- _Input data_
<<<<

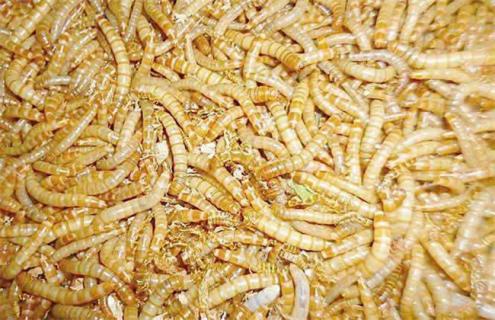 黄粉虫怎么养 黄粉虫怎么养成活率高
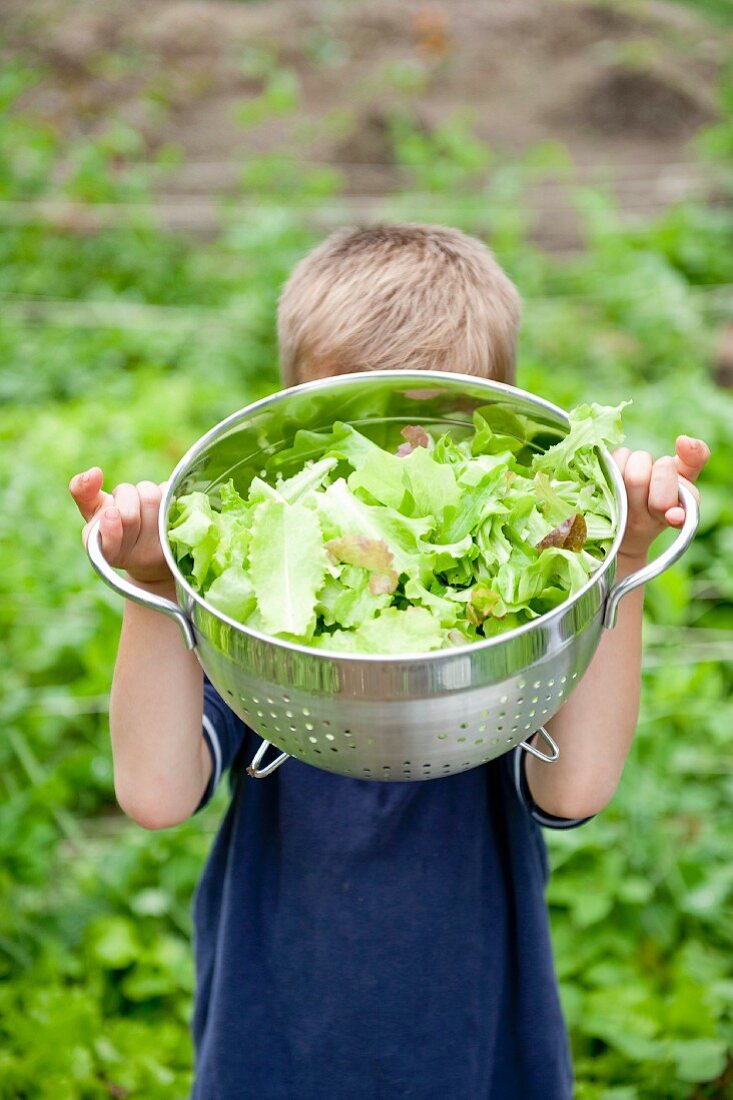 Kleiner Junge zeigt eine Schüssel Salat aus dem Garten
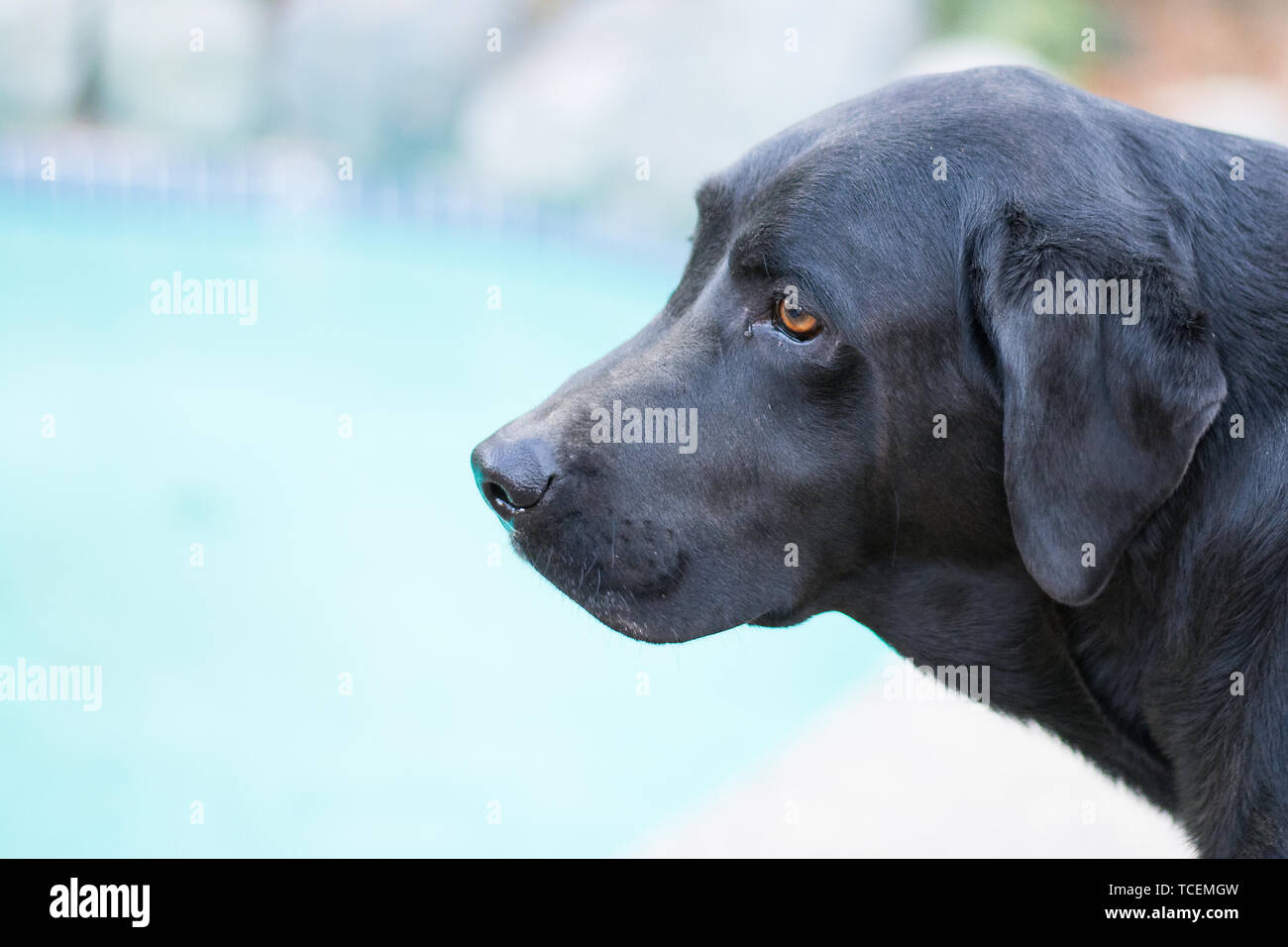 male black labrador Stock Photo Alamy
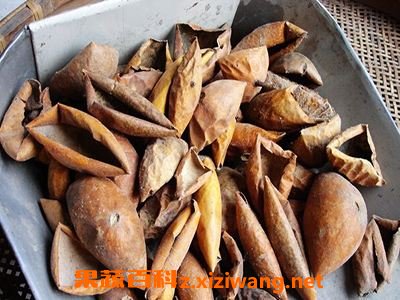 瓜蒌皮的功效与作用及禁忌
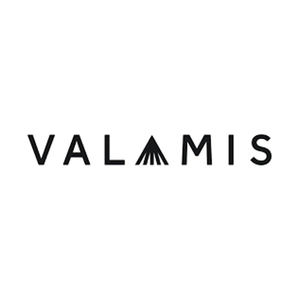 valamis brand logo for valamis.com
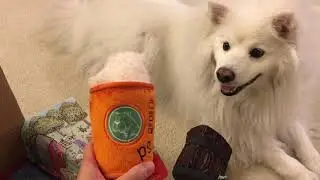 Обзор распаковки Barkbox, ноябрь 2017 г.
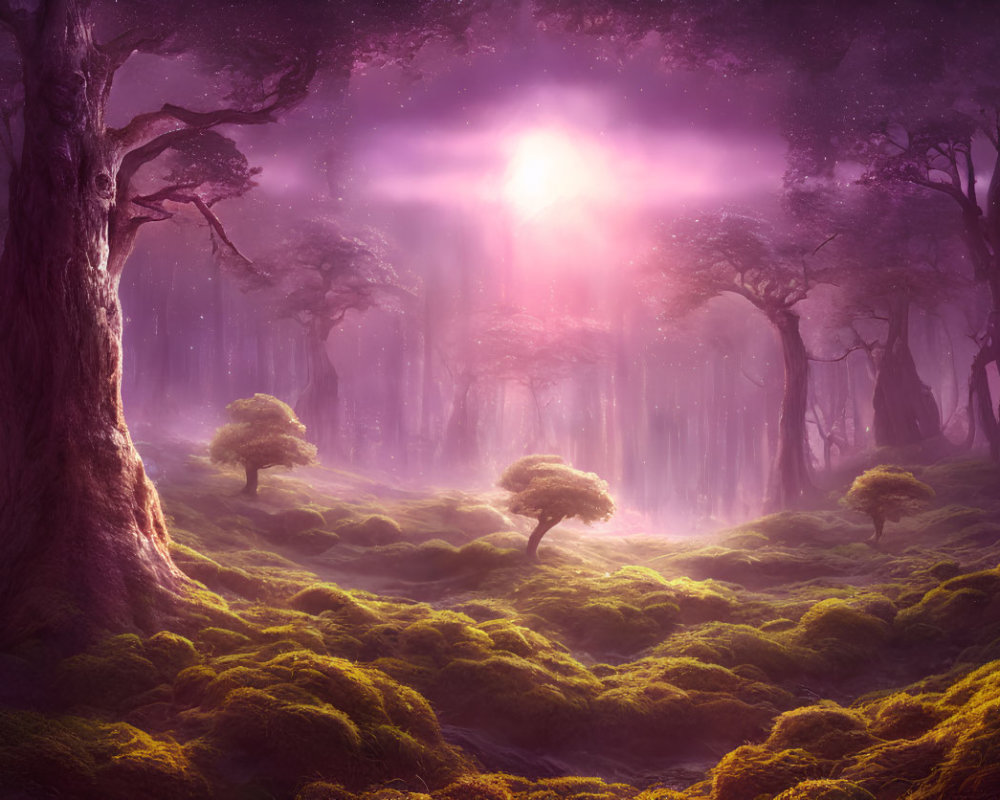 Enchanting forest scene with purple light and glowing center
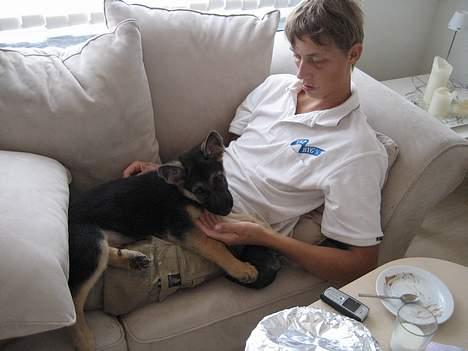 Schæferhund Lica - Her er jeg ikke så gammel men putter lidt med far. billede 11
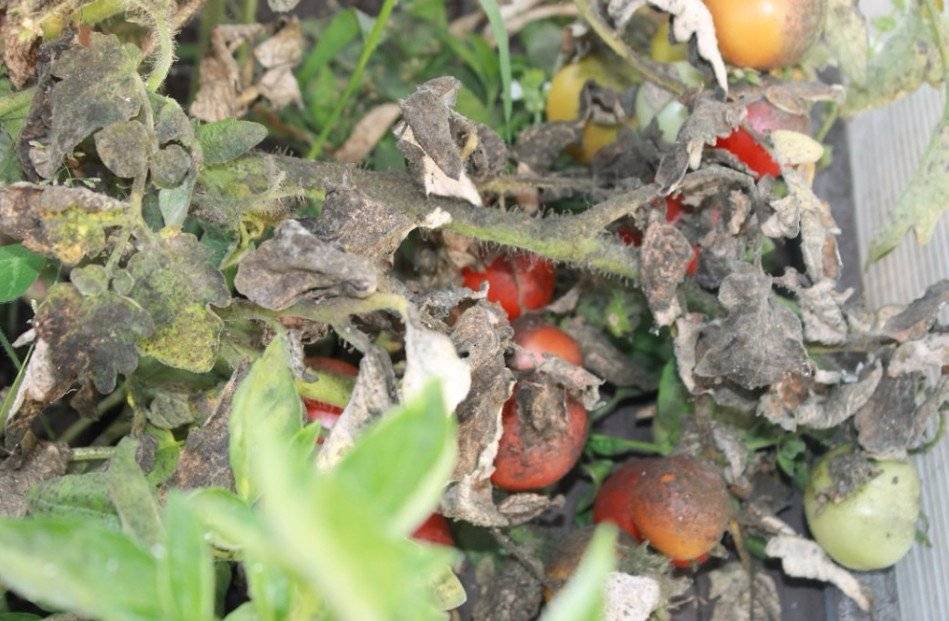 Белокрылка на томатах в теплице: как избавиться, методы борьбы, профилактика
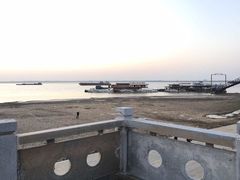 -湖南东洞庭湖国家级自然保护区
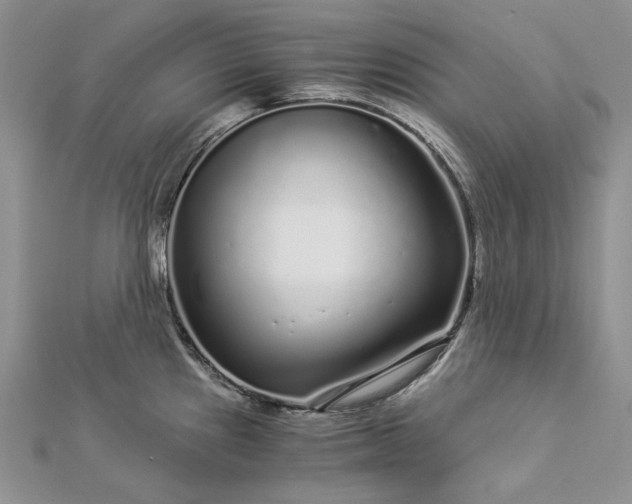 X0000112881241200909041635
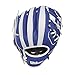 Wilson A0200 Los Angeles Dodgers Baseball Gloves, 10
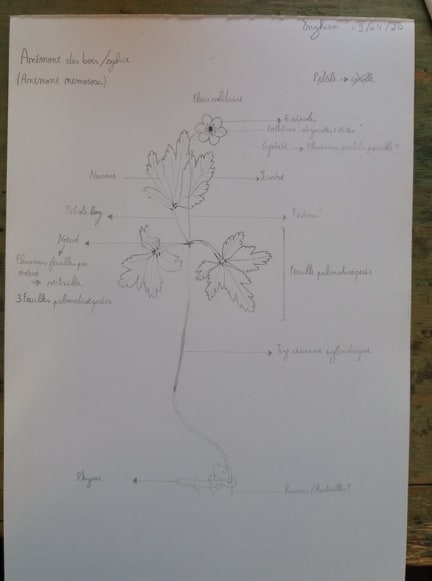 Annexe 92664735_299645881018659_6257368897566015488_n.jpg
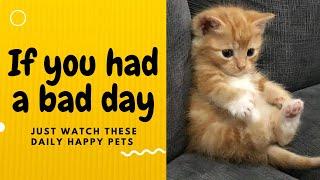 If you had a bad day, just watch these daily happy pets | Day 106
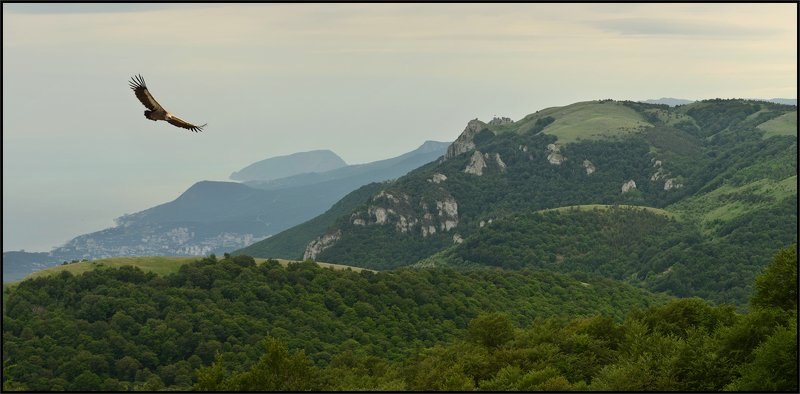 Крым в начале лета фото превью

>>>>

- _Task to carry out_
Above are records with pictures. Reproduce exactly only the lines from the line with "male black labrador Stock Photo Alamy" through the line with "Schæferhund Lica - Her", both ends included, and leave the pictures out.

- _Answer section_
 male black labrador Stock Photo Alamy
 瓜蒌皮的功效与作用及禁忌
 valamis brand logo for valamis.com
 Обзор распаковки Barkbox, ноябрь 2017 г.
 Enchanting forest scene with purple light and glowing center
 Schæferhund Lica - Her er jeg ikke så gammel men putter lidt med far. billede 11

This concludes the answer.